Required action: Where in the data below does the word "Brown" appear? Copy every line that has it.

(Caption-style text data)
☆ ☆ ☆ ☆ ☆
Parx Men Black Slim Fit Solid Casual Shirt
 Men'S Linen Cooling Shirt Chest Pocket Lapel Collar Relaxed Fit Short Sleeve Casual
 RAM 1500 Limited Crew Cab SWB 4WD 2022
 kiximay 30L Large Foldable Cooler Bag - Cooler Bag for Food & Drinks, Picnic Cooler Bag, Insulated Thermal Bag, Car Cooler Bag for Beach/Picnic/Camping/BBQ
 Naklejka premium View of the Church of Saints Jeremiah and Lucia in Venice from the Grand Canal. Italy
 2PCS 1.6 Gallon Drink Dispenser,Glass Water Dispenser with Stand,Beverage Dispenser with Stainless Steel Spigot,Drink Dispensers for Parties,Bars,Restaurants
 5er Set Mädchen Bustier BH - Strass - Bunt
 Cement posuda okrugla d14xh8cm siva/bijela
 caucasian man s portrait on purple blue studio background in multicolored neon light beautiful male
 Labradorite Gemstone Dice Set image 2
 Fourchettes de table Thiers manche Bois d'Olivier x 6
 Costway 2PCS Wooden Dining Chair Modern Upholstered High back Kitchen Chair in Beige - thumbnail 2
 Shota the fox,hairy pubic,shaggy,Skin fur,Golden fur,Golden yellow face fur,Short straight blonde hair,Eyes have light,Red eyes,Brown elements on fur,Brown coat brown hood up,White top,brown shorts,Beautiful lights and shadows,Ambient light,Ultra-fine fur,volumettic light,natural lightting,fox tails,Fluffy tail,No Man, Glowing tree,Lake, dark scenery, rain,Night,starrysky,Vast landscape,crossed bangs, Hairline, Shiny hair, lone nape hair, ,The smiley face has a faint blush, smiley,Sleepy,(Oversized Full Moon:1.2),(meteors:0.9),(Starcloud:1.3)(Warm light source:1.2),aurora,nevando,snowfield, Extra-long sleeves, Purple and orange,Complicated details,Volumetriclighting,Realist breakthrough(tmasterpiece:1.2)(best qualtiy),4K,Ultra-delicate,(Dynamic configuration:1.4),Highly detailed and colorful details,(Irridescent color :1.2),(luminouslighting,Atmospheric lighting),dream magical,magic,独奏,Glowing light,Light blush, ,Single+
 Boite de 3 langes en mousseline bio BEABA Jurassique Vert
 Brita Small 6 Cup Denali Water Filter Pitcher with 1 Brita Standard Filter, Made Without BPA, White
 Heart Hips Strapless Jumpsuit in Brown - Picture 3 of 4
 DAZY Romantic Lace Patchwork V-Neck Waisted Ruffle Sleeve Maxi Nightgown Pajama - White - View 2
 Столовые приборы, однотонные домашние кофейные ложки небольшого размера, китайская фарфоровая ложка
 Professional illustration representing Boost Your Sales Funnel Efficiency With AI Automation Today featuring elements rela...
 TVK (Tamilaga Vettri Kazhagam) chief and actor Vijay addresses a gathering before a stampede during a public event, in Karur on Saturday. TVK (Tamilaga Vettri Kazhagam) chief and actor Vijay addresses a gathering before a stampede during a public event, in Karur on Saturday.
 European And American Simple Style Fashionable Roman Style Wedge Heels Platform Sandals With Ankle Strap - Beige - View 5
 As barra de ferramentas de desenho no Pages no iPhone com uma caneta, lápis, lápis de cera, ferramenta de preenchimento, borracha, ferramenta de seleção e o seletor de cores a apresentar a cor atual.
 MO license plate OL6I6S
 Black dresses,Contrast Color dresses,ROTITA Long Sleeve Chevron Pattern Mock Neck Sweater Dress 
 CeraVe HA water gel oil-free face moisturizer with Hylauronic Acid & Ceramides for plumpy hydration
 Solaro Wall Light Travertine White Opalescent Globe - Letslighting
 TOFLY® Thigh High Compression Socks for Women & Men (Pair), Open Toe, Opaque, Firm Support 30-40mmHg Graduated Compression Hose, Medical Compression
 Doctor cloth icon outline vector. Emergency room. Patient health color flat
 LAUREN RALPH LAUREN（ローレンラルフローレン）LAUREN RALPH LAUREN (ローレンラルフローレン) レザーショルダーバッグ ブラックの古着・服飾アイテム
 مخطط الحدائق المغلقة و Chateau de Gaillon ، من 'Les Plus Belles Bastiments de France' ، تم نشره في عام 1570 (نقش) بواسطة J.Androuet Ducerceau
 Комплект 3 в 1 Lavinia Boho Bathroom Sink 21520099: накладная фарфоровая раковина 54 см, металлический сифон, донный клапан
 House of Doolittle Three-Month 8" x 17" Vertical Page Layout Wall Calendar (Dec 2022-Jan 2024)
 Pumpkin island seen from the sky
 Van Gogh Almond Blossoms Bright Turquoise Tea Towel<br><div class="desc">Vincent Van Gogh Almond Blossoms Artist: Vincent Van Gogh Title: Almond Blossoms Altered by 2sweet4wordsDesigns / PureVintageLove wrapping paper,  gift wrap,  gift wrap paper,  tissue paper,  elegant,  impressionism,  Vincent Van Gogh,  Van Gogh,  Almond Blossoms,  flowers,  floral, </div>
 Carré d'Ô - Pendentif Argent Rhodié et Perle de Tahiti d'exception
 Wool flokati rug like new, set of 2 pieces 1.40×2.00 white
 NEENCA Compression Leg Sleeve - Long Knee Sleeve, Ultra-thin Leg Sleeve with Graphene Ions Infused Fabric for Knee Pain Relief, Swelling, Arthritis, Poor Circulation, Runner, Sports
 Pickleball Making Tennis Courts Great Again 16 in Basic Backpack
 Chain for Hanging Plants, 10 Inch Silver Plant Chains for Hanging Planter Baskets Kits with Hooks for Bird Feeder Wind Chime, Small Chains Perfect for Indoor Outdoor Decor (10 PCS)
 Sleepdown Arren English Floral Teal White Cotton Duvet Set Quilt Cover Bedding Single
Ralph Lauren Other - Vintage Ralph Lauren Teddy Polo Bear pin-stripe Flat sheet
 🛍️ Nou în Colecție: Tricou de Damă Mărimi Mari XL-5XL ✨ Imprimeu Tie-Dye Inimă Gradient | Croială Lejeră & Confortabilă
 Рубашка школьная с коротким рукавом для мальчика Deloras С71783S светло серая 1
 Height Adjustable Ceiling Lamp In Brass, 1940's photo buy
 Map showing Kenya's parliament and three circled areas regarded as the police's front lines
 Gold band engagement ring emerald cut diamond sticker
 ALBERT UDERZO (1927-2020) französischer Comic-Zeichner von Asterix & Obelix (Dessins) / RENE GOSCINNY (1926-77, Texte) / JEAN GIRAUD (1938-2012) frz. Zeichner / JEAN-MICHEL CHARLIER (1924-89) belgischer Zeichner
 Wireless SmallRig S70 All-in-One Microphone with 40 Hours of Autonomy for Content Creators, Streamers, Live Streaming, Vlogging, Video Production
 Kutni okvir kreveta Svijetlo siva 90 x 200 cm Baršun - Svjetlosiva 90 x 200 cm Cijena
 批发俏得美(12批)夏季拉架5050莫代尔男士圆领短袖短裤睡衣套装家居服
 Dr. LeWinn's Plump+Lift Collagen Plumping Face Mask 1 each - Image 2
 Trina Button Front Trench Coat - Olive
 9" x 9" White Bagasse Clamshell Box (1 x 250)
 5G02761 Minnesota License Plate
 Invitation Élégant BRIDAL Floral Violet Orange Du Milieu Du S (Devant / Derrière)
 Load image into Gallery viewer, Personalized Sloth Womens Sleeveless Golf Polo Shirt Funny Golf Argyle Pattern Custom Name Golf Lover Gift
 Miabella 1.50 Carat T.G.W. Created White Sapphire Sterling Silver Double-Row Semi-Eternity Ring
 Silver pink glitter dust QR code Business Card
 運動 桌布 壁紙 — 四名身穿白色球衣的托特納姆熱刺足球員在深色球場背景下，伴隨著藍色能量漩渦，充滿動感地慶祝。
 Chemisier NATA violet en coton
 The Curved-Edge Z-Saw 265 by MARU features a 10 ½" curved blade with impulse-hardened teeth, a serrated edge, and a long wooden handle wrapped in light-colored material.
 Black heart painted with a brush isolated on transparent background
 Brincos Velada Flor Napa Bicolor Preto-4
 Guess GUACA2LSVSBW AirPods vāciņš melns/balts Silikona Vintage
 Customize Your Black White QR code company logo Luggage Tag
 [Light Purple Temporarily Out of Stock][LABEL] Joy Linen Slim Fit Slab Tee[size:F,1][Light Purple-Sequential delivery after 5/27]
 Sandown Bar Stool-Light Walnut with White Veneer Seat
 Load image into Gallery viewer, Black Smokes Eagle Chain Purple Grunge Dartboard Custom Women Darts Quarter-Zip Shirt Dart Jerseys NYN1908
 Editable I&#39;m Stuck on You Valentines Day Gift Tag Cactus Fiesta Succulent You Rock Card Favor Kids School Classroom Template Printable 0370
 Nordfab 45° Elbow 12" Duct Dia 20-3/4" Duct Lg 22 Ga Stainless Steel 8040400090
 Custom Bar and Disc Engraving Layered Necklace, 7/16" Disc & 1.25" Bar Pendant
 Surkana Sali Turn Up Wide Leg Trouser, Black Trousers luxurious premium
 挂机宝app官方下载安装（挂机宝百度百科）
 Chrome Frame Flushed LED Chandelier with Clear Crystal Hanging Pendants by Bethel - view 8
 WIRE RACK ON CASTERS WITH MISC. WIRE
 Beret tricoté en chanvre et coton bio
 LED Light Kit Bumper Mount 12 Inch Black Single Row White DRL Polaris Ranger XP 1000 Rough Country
☆ ☆ ☆ ☆ ☆
Task response:
 Shota the fox,hairy pubic,shaggy,Skin fur,Golden fur,Golden yellow face fur,Short straight blonde hair,Eyes have light,Red eyes,Brown elements on fur,Brown coat brown hood up,White top,brown shorts,Beautiful lights and shadows,Ambient light,Ultra-fine fur,volumettic light,natural lightting,fox tails,Fluffy tail,No Man, Glowing tree,Lake, dark scenery, rain,Night,starrysky,Vast landscape,crossed bangs, Hairline, Shiny hair, lone nape hair, ,The smiley face has a faint blush, smiley,Sleepy,(Oversized Full Moon:1.2),(meteors:0.9),(Starcloud:1.3)(Warm light source:1.2),aurora,nevando,snowfield, Extra-long sleeves, Purple and orange,Complicated details,Volumetriclighting,Realist breakthrough(tmasterpiece:1.2)(best qualtiy),4K,Ultra-delicate,(Dynamic configuration:1.4),Highly detailed and colorful details,(Irridescent color :1.2),(luminouslighting,Atmospheric lighting),dream magical,magic,独奏,Glowing light,Light blush, ,Single+
 Heart Hips Strapless Jumpsuit in Brown - Picture 3 of 4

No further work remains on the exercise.